Front. Oncol., 15 May 2023
Sec. Genitourinary Oncology
This article is part of the Research Topic Challenges in the Prevention of Prostate Cancer View all 5 articles

The association between serum lipid profile and the prostate cancer risk and aggressiveness

Jungyo SuhJungyo Suh1Teak Jun ShinTeak Jun Shin2Dalsan YouDalsan You1In Gab JeongIn Gab Jeong1Jun Hyuk HongJun Hyuk Hong1Choung-Soo KimChoung-Soo Kim3Hanjong Ahn*Hanjong Ahn1*
  • 1Department of Urology, University of Ulsan College of Medicine, Asan Medical Center, Seoul, Republic of Korea
  • 2Department of Urology, School of Medicine, Keimyung University, Daegu, Republic of Korea
  • 3Department of Urology, Ewha Womans Medical Center, Seoul, Republic of Korea

Purpose: This study aims to evaluate the association of serum lipid profile on prostate cancer (PC) risk and aggressiveness.

Methods: Men who underwent prostate biopsy between January 2005 and December 2015 were retrospectively analyzed. The association between lipid profile and the risk, stage, and Gleason grade group (GG) of the PC were investigated. Sensitivity analysis was conducted using univariate and multivariate quantile analysis for lipide profile on the risk and stage of PC.

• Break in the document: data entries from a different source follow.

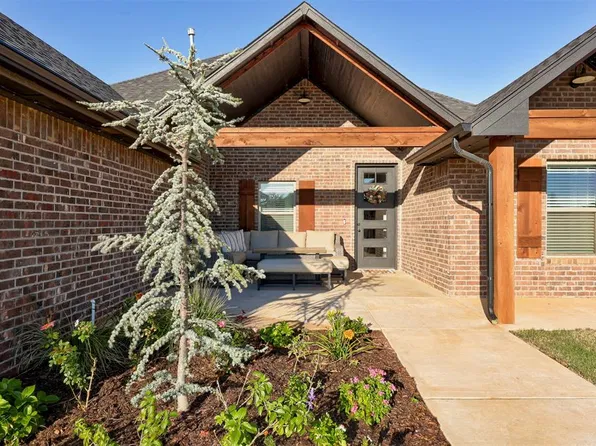 10801 Highland Dr, Yukon, OK 73099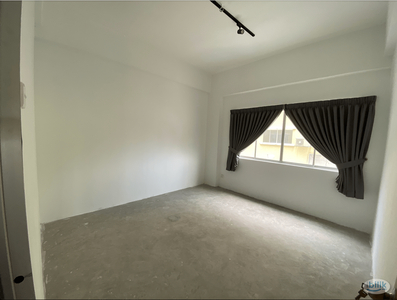 Middle Room at Forest Heights, Seremban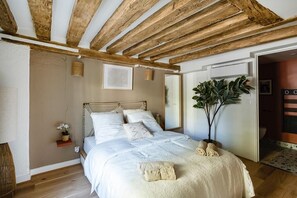 4 Schlafzimmer, Bügeleisen/Bügelbrett, WLAN, Bettwäsche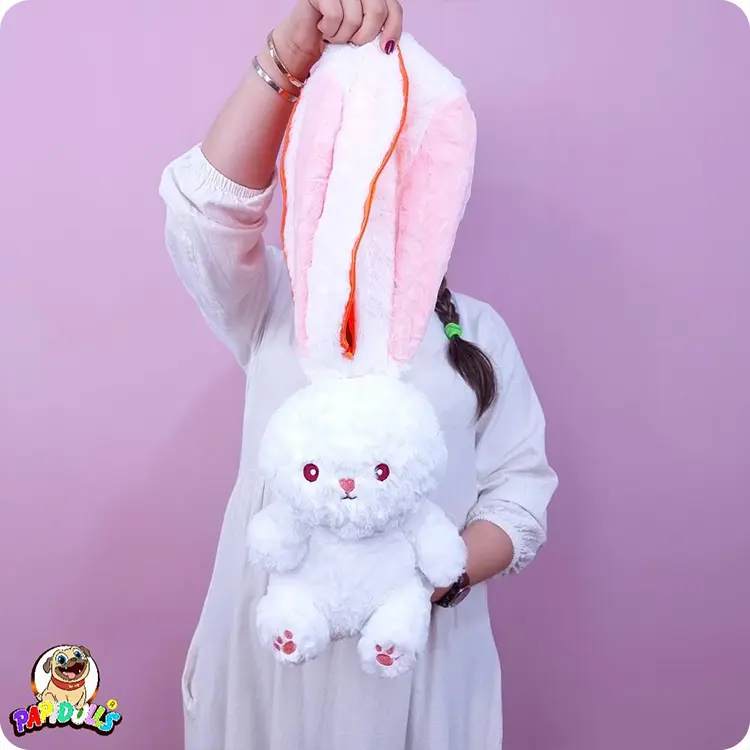 عروسک خرگوش یک دوست خوب برای نوزادان نوپا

Results: Of the 1740 study populations, 720 men (41.4%) were diagnosed as PC. From multivariate logistic regression analysis, age, prostate specific antigen, triglyceride (odds ratio (OR):1.05, confidence interval (CI):1.03-1.07, p-value<0.001) significantly increased PC risk, while total cholesterol (OR:0.96, CI:0.92-0.99, p-value=0.011) significantly decreased the PC risk. The increase of serum triglyceride increased the risk of both of locally advanced (OR:1.03, CI:1.00-1.07, p-value=0.025) and metastatic PC (OR:1.14, CI:1.04-1.25, p-value=0.004). The increase of serum triglyceride increased the risk of GG2-3 (OR:1.03, CI:1.00-1.06, p-value=0.027) and GG4-5 (OR:1.04, CI:1.01-1.08, p-value=0.027). Univariate quartile analysis founded serum triglyceride increasing risk of locally advanced disease than organ confined disease. (OR: 1.00, 1.25, 2.04, 4.57 for 1st, 2nd, 3rd and 4th quartile, p-value<0.001). Adjusted multivariate quartile analysis confirmed statistically significant increasing PC risk of triglyceride (OR: 1.00, 1.25, 2.04, 4.57 for 1st, 2nd, 3rd and 4th quartile, p-value<0.001).

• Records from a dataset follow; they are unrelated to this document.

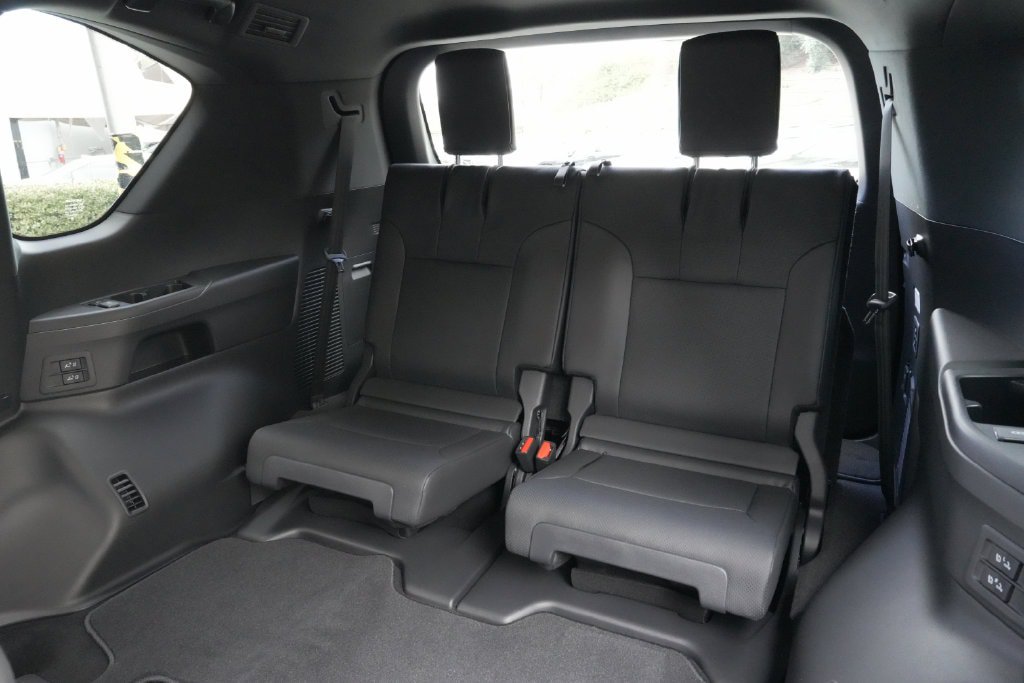 New 2026 Lexus LX 600 4WD w/ Accessory Package (Z1) image 21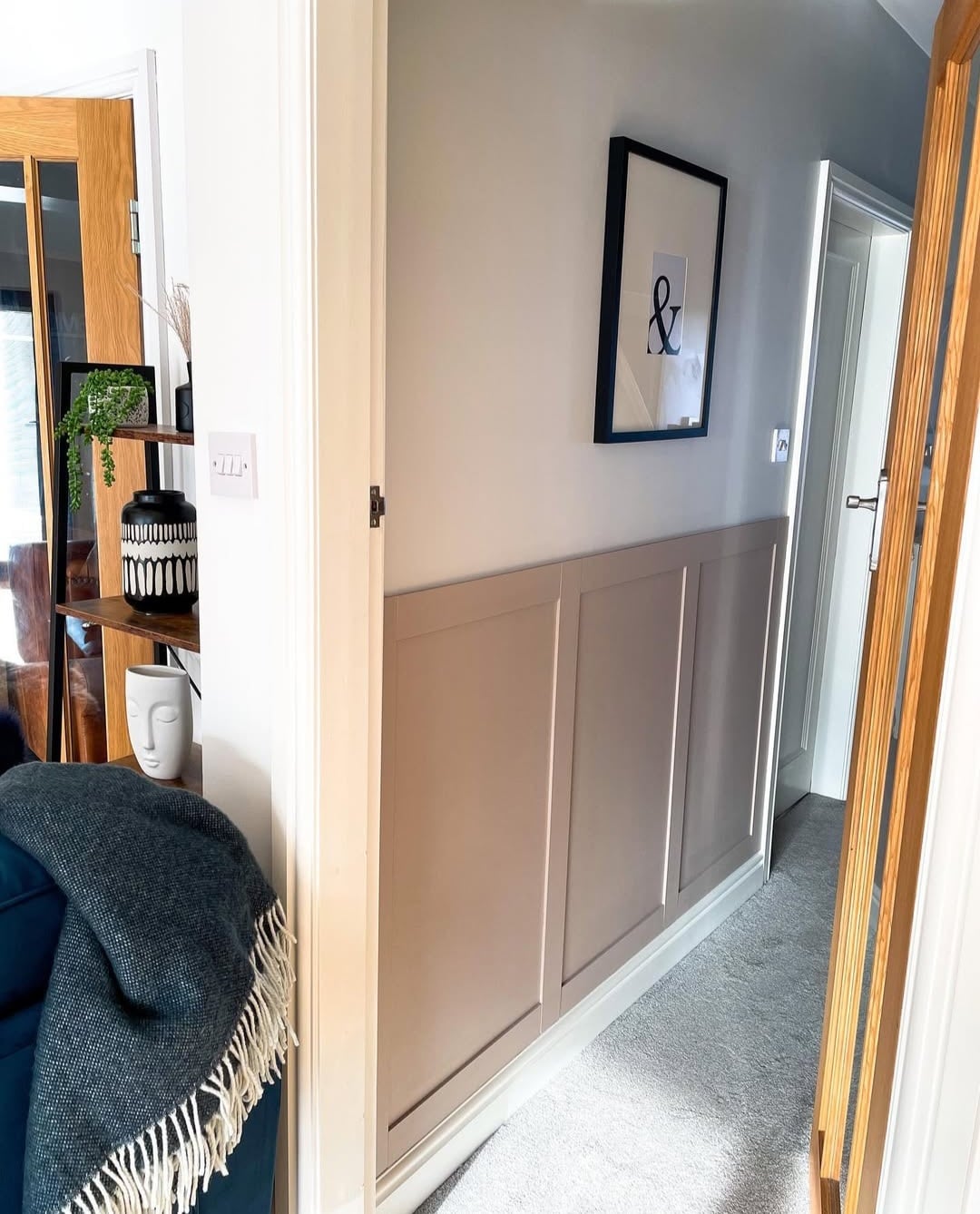 What colours go with Dulux Soft Truffle 5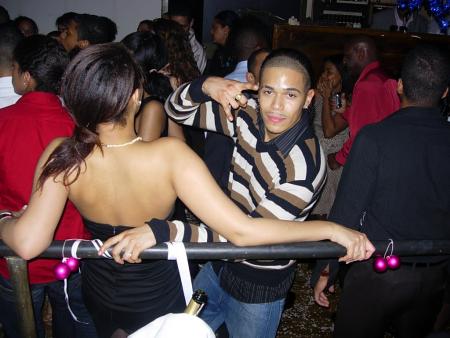 Dimanche 31/12/06 soir�e priv�e sur le bateaux bb antilles avec Cap's fashion (avec dj lerby & dj mikey)
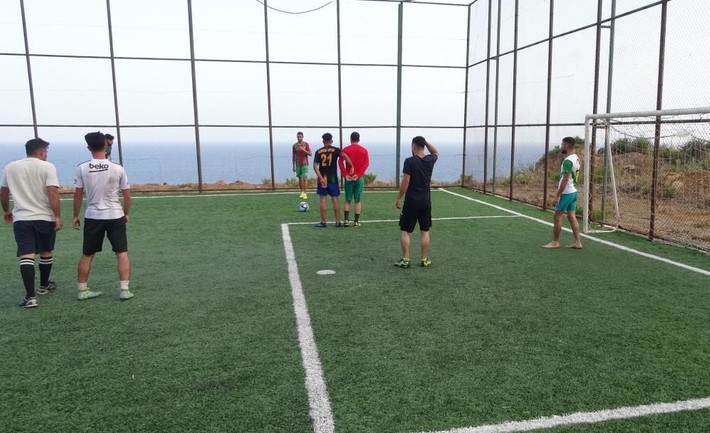 Uçurum kenarında denize sıfır futbol sahası! "Süper Lig takımlarında bile böyle manzara yok" - Resim: 4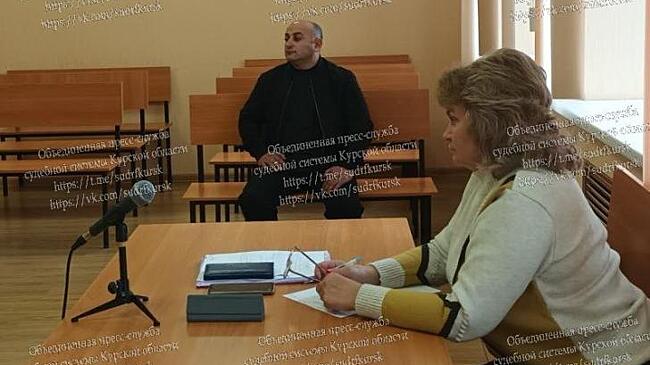 Мужчину оштрафовали на 100 тысяч рублей за то, что он избил главу поселка Золотухино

Conclusions: This study findings suggested increased in triglyceride level increased the risk PC. Increased in triglyceride level also associated with aggressive presentation of PC, with higher stage and GG.

1 Introduction

Prostate cancer (PC) is the second most common malignancy in men and the second leading cause of cancer death worldwide (1). The age-standardised incidence of PC can differ 25-fold depending on geographic location; generally higher in Western compared with in Asian countries (2). There is an increased incidence of PC in Asian immigrants to Western countries (3) and temporal changes after adaptation to a westernized lifestyle in the northeast Asian population over the last decades (4, 5) suggest that an environmental factor highly influences the PC risk.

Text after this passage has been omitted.